We bought a horse crop and use that if Daisy's really bad. Most of the time she and the steer respond well to the "HEY!!!" but occasionally they'll be a little too naughty for just that and get a whack with the crop. If we don't have the crop with us a good hard slap with your hand or a _booted_ foot will do the trick (if their nose is down there). 

One word of advice: No matter how mad you are... DON'T kick a cow with flip flops.
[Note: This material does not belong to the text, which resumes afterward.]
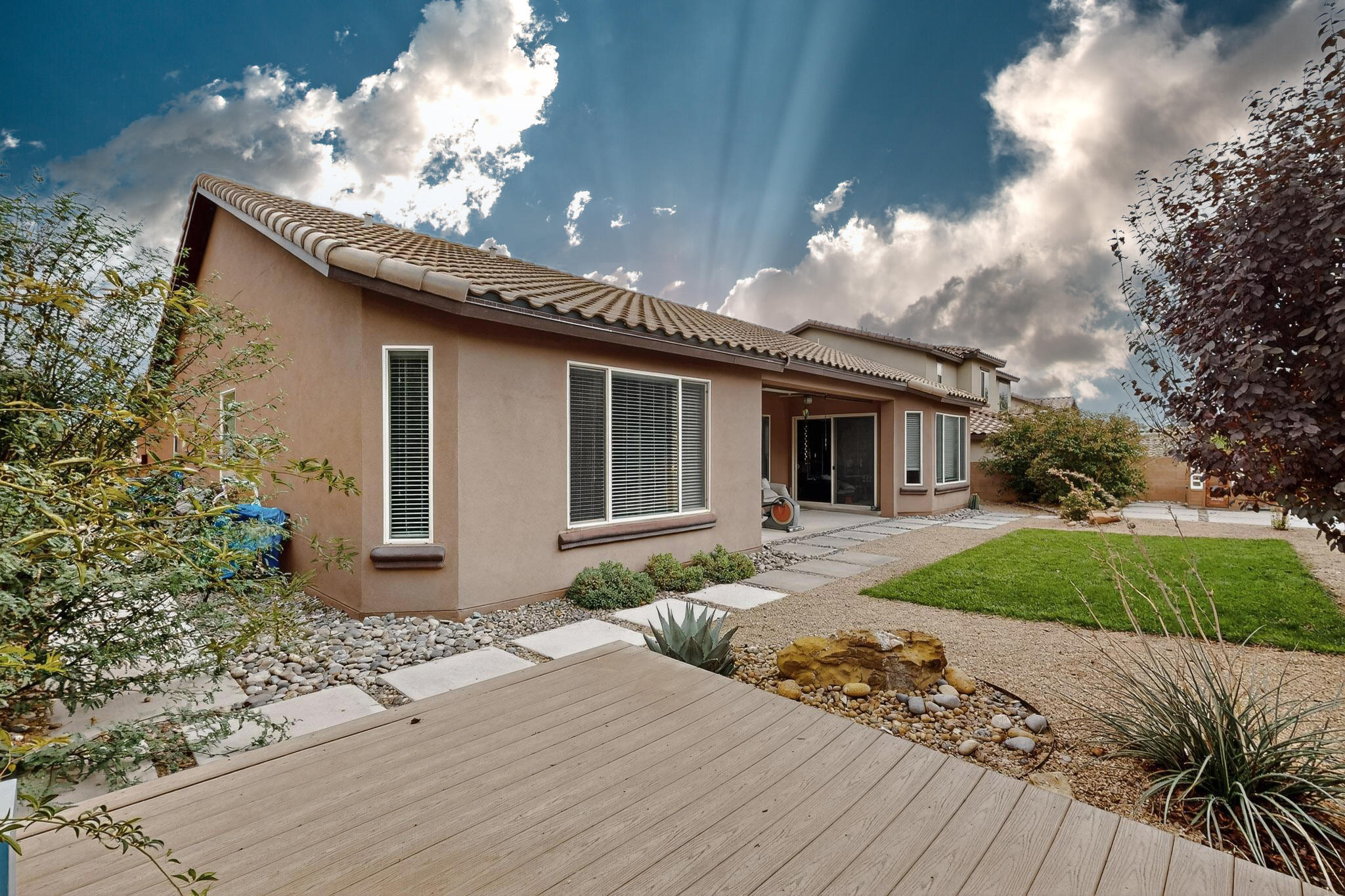 27 Vista Larga Place NE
Believe me... The only thing that gets hurt or stunned will be your foot. 

Best of luck to you, and hoping your girl settles down and starts to shape up.


----------



## Symphony (Aug 28, 2012)

The only reason I say not to "twist" the ear is you may brake or damage the cartilage.  Now holding the outer soft part of the ear and pinching it does work well but I've seen twisting damage on Horses and other animals.


----------



## WildRoseBeef (Aug 28, 2012)

Symphony said:
			
		

> The only reason I say not to "twist" the ear is you may brake or damage the cartilage.  Now holding the outer soft part of the ear and pinching it does work well but I've seen twisting damage on Horses and other animals.
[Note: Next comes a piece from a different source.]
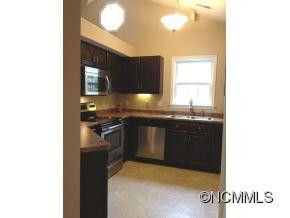 423 Glensprings Drive - Photo 5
And then of course there's the risk of breaking an animal's nose if you hit the animal's nose or muzzle too hard and with the wrong tool (i.e., steel pipe/wood handle instead of PVC pipe).  There's always risks no matter what you do.  But there's the knowing when and how to do it right and not cause significant damage and make it actually work.  

To each his/her own.


----------



## Symphony (Aug 29, 2012)

WildRoseBeef said:
			
		

> Symphony said:
> 
> 
> 
> ...


Who on earth would use PVC or Steel pipe to hit a cow's nose, thats just cruel and barbaric. :/


----------



## redtailgal (Aug 30, 2012)

I have a PVC pipe and a wooden stick.......the wooden stick is my "whopin-it" stick.

I've used it many times to pop a critter in the nose.  The beauty of a PVC pipe is the wonderful noise it makes........Because of that noise, you dont have to hit hard enough to cause pain, you just want that noise.  
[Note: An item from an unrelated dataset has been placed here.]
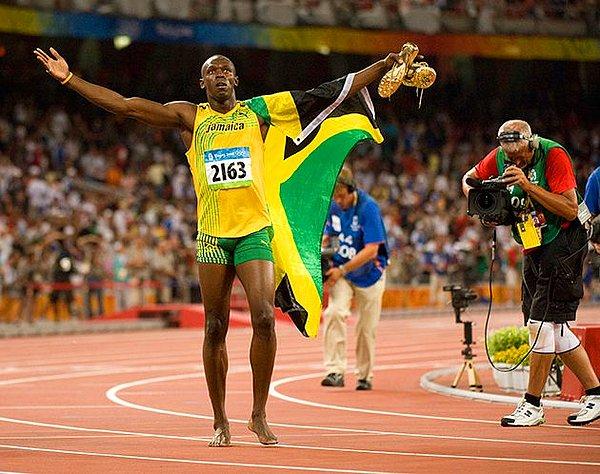 2008 - Usain Bolt Pekin'de 2008 Yaz Olimpiyatları'nda 100 metrede 9.69 saniye ile dünya rekoru kırdı.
On severe cases, I pull out the whopin it stick, and smack them in the shoulders or right across the nose.  Dont have to hit hard, just enough to get their attention.

The point is to use a tool effectively by NOT causing damage or un-necessary pain.

I will say that I was cornered by an old snot of a cow once......I had my stick and she was coming after me.  She FULLY intended to hurt me, so it was no holes barred.  It ended well, she had a tender nose that taught her a lesson and I didnt get stomped to death.


----------



## Straw Hat Kikos (Aug 30, 2012)

redtailgal said:
			
		

> I have a PVC pipe and a wooden stick.......the wooden stick is my "whopin-it" stick.
> 
> I've used it many times to pop a critter in the nose.  The beauty of a PVC pipe is the wonderful noise it makes........Because of that noise, you dont have to hit hard enough to cause pain, you just want that noise.
> 
> ...


Priceless ^^


----------



## WildRoseBeef (Aug 30, 2012)

Symphony said:
			
		

> WildRoseBeef said:
> 
> 
> 
> ...


A steel pipe is a heck of a lot barbaric to use on an animal than an ax handle or a PVC pipe.  A steel pipe has much more potential of breaking some bones or the nose of an animal than a PVC.  I've used a wood stick (just a dead branch on the ground) before and it has a lot more give than something as hard as steel...or even iron.  Same with PVC. 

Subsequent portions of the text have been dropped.